The Seattle Times, Editorial Board: Seattle voters, get ready for mayhem thanks to city council political games.
Sightline Institute: Approval voting is a risky prospect for Seattle.
The Economist: A new ranked choice voting system hampers Sara Palin’s hopes.
The Washington Post: Analysis: New Yorkers used ranked choice voting last month. Did it eliminate spoilers as promised?
CNN: Opinion: It’s time to get rid of party primaries.
The Salt Lake Tribune: Polling shows the public liked ranked choice voting, but Robert Gehrke explains why expanding it might be tough.
Cowboy State Daily: Wyoming Legislature Considering Open Primaries, Ranked Choice Voting Elections.
Approval voting should be a non-starter. Voting for as many as you want? What an opportunity for mischief.
But RCV is not fair, in my opinion. The appeal of RCV is that eventually, a candidate gets at least a simple majority of votes, and so people don't feel as disenfranchised. The problem I see is that only the votes of the loser candidate gets redistributed. The loser candidates tend to be those with fringe ideas, and they lose for good reason. In my opinion, the public might be well-served if votes from supporters of these candidates be taken out of the system, period. But instead, RCV allows their second choice candidate to receive their vote (if still in the game), etc. But for everyone else, nothing changes. This is not fair, as many people might vote differently if they knew their candidate wasn't winning.

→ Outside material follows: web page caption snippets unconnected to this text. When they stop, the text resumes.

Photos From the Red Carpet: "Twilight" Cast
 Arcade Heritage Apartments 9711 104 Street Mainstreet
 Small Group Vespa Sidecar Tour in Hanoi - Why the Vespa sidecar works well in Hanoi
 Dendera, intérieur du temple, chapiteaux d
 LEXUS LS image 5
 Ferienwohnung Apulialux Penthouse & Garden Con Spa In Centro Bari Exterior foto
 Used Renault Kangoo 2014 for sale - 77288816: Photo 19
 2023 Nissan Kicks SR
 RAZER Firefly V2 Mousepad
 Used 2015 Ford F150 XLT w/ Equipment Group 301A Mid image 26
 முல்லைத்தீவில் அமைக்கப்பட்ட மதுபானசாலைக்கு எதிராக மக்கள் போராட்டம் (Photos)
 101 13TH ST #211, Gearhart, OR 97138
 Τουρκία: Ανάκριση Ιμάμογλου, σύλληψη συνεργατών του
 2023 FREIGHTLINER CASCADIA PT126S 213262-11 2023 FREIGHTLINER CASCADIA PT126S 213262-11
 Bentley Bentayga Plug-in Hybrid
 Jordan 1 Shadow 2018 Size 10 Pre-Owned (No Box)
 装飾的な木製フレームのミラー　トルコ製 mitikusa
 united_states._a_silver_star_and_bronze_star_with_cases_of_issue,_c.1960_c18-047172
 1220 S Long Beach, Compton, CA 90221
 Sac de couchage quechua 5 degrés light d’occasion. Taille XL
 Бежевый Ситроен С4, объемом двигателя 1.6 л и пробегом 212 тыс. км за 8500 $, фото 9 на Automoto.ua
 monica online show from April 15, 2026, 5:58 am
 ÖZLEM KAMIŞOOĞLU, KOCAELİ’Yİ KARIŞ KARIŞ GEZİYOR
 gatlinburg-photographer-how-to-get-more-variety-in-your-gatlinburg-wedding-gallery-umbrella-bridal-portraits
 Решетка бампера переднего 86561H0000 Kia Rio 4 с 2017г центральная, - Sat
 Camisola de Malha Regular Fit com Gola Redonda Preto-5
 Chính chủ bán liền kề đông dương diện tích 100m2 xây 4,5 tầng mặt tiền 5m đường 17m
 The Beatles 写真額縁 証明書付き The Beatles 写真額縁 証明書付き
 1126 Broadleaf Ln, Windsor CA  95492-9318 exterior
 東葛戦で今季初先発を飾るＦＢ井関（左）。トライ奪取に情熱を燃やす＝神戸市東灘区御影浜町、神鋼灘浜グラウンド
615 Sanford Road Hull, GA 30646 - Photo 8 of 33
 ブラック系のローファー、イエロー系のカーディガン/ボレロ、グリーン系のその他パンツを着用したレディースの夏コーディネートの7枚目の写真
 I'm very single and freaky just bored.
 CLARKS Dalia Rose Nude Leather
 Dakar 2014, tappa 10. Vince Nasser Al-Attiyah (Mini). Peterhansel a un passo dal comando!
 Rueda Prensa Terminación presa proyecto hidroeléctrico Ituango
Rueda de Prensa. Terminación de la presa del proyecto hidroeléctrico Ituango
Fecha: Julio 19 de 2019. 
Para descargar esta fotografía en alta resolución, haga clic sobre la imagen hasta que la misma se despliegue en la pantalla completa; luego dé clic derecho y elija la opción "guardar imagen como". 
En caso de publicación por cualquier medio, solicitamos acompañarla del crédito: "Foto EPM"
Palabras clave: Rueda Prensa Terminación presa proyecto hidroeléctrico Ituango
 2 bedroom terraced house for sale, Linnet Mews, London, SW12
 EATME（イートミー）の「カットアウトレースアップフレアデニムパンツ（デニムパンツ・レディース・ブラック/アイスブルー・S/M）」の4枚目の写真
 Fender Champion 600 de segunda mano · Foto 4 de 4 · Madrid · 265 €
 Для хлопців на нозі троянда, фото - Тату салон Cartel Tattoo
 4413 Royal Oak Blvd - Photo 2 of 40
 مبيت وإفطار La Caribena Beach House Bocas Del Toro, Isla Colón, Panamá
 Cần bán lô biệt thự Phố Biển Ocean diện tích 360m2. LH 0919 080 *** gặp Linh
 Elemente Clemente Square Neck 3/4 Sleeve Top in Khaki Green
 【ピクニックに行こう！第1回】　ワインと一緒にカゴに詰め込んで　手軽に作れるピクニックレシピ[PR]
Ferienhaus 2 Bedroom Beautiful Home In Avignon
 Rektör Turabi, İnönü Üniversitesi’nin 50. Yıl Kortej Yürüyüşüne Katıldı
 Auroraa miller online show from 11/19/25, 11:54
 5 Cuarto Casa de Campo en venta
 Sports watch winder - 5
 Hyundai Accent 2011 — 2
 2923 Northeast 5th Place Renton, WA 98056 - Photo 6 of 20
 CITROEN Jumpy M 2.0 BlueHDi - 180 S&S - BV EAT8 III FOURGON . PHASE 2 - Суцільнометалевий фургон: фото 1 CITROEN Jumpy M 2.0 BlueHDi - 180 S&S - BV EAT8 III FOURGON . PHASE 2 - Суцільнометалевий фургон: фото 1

I would propose that EVERYONE be allowed to record two votes. The first vote is for your preferred candidate. The second vote is who you would support IF YOU KNEW THAT YOUR FIRST CHOICE WAS NOT THE WINNER and there was a need for another recalculation round. So for elections where a party is split amongst two or more candidates, you might think twice about voting for the less popular candidate of your party if you KNEW it would harmfully split the party's chances, as in Alaska. So when there is a need for a runoff, the losing candidate will still get removed, but everyone else (except those who supported the leading candidate) would be able to cast their alternate votes if their first choice wasn't the winner, and not just give this special opportunity only to the losing candidate voters.
It's simple. I would cast my vote. If my candidate is winning but there is a need for a runoff, my vote remains the same. But if my candidate is not the leaderboard winner, knowing this I might vote for someone else. If my candidate(s) is out, so am I, because if my candidates can't find enough votes to remain in the game, then both of us are too fringe, and best we stay out. For the rest, the computer recalculates the remaining votes.
Perhaps this should be called Preferred Choice Voting. Or we could just keep it simple and if there is open voting, let the winner take all. But no Ranked Choice, please.